Hello, I am an Engineering Manager at Facebook with 13+ years in Ad Technology, Natural Language Processing and Data mining. (Learn More)
by Pravin Paratey

Script to generate URS from Wikipedia

A persons’ URS is a phrase that could be used instead of his/her usual name in all circumstances, which makes it absolutely clear who he/she is. A good URS for a person should meet the following criteria:

  • Everyone familiar with the person will confidently recognise him/her from the URS.
  • There is no possibility that the URS could also describe anyone other than the person.
  • Even someone who isn’t familiar with the person will have some understanding of who he/she is from the URS.
#!/usr/bin/python
""" 
Script to generate URS from the starting paragraph of Wikipedia 
articles about persons.

by Pravin Paratey (pravinp -at- gmail.com)

Current Implementation:
----------------------
1. Extract first sentence
2. Clean wiki markup
3. Observing given data, and the data on wikipedia, shows that there 
   is a pattern that is followed while writing wikipedia entries for
   persons. Replacing (was/is)(an/a/the/) with (/the) does the trick
4. Output sentence formed

Ideally:
--------
Ideally, the piece of code should identify the following concepts:
1. Name of person
2. Time period
3. Son/Daughter/Father/Mother of (in case of famous personality)
4. Renowned for

How do we go about it?
1 and 2 - straight forward. Wikipedia gives cues through its markup
3 - straight forward. String matching using "son of", "daughter of", etc
4 - will need to match against a database.

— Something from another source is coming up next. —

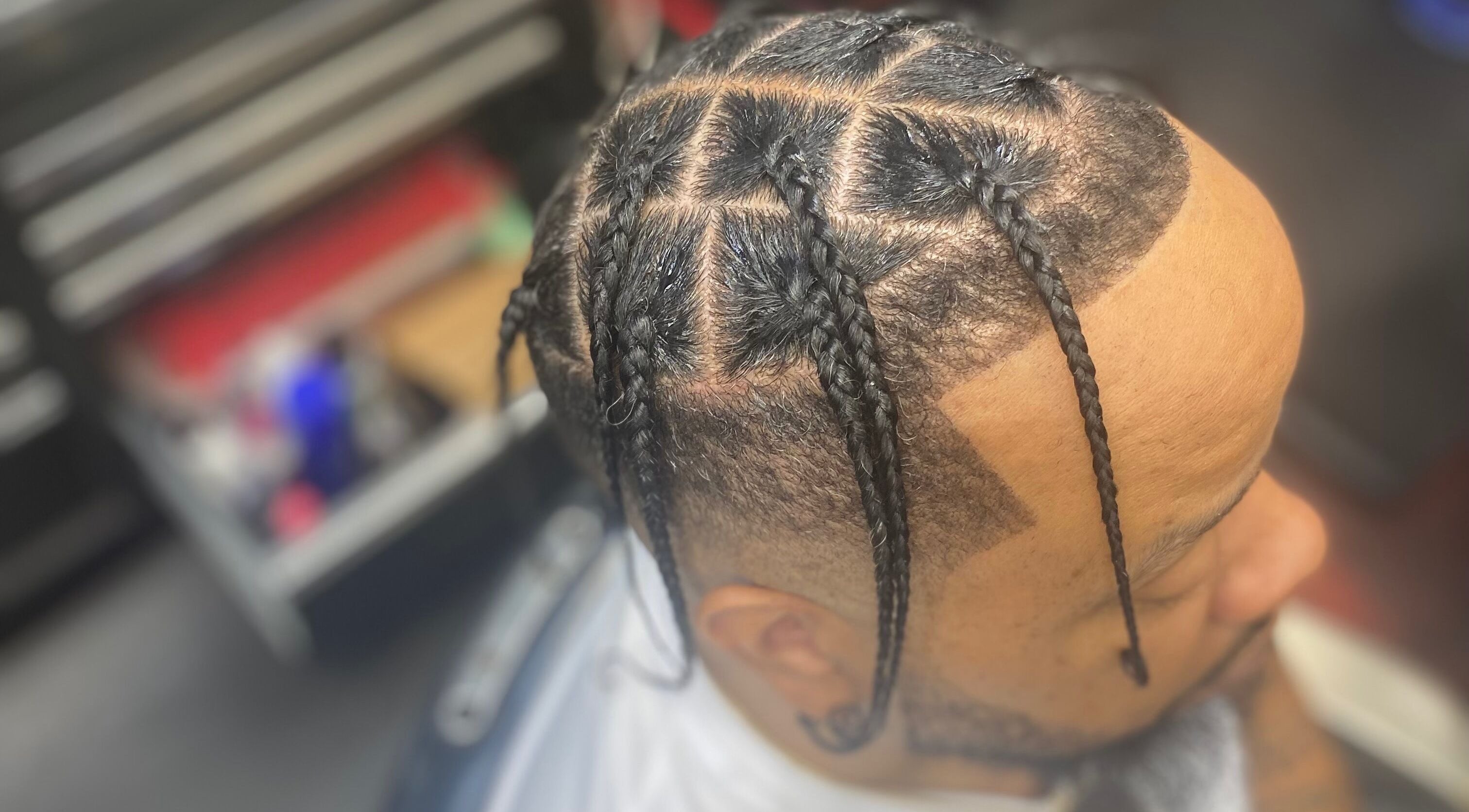 Close-up of intricate braided hairstyle at Vanity Bratz, Atlanta, Georgia, US. Expert styling for modern fashion.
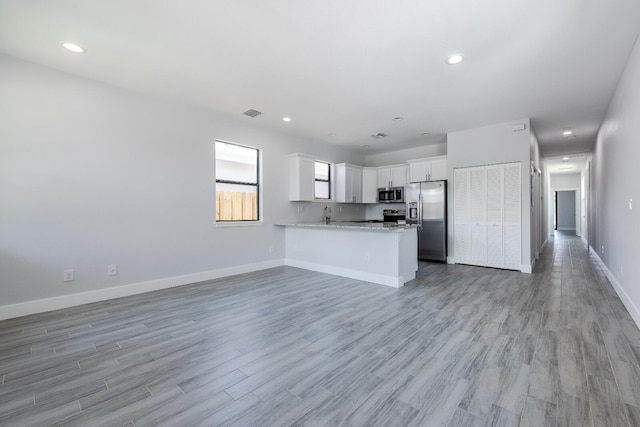 kitchen featuring open floor plan, light wood-type flooring, appliances with stainless steel finishes, a peninsula, and white cabinets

For 3, we only keep the "son of", "daughter of", "X of Y" if Y is a prominent
person. An easy way of doing this is using incoming links on wikipedia OR
to search for X and Y individually on google and noting the number of results.
"""

import re, sys, codecs

def cleanUri(m):
    """ Cleans Uri wiki markup """
    word = m.group(1)
    if '|' in word: word = word.split('|')[1]
    return word.strip()

def dotRemove(m):
    """ Replaces . by # inside tags """
    return m.group(0).replace('.', '#')

def cleanMarkup(text):
    """ Removes
    1. wiki markup
    2. sanitize html entities 
    3. comments """
    #text = re.sub(r"\[\[[\w\s\-,]+\|(\w+)\]\]", r"\1", text)
    text = re.sub(r"\[\[(.*?)\]\]", cleanUri, text)
    text = re.sub(r"\{\{.*?\}\}", r"", text)
    text = re.sub(r".*?<\/ref>", r"", text)
    text = re.sub(r"---.*?---", r"", text)
    text = re.sub(r"\[.*?\]", r"", text)
    text = text.replace("'''", "").replace("''", "'")
    text = text.replace("[[", "").replace("]]", "")
    text = text.replace("–", "-").replace("&", "&")
    return text

def getFirstSentence(text):
    """ Returns the text until first instance of '.'
    It also makes sure that the '.' isn't part of a wiki link
    or name"""
    tmp = re.sub(r"\[\[.*?\]\]", dotRemove, text)
    tmp = re.sub(r"\[.*?\]", dotRemove, tmp)
    tmp = re.sub(r".*?<\/ref>", dotRemove, tmp)
    tmp = re.sub(r"---.*?---", dotRemove, tmp)
    tmp = re.sub(r"'''.*?'''", dotRemove, tmp)
    tmp = re.sub(r"''.*?''", dotRemove, tmp)
    index = tmp.find('.')
    
    if index == -1: 
        return text
    else:
        return text[:index]

def makeArticle(m):
    """ Changes a, an to the when appropriate """
    retval = ', the'
    if len(m.group(2)) == 0:
        retval = ' '
    return retval
    
def extractURS(text):
    """ The function to call. Returns the URS """
    text = getFirstSentence(text)
    text = cleanMarkup(text)
    text = re.sub(r",?\s+(was|is)\s+(an|the|a|)", makeArticle, text)
    return text

if __name__ == '__main__':
    #fp = open(sys.argv[1])
    fp = codecs.open("input.txt", "r", "utf-8")
    fp2 = codecs.open("output.txt", "w", "utf-8")
    fp2.write(codecs.BOM_UTF8.decode("utf-8")), # Add BOM for UTF-8
    for line in fp:
        line = line.rstrip()
        if len(line) == 0 or line.startswith("#"): # For debugging
            continue
        urs = extractURS(line)
        fp2.write(urs + '\r\n')
    fp.close()
    fp2.close()


## Example Inputs and Outputs
These are inputs from Wikipedia (Click on the article and then Edit). Ex [Lala Lajpat Rai](http://en.wikipedia.org/w/index.php?title=Lala_Lajpat_Rai&action=edit). The above script outputs the URS.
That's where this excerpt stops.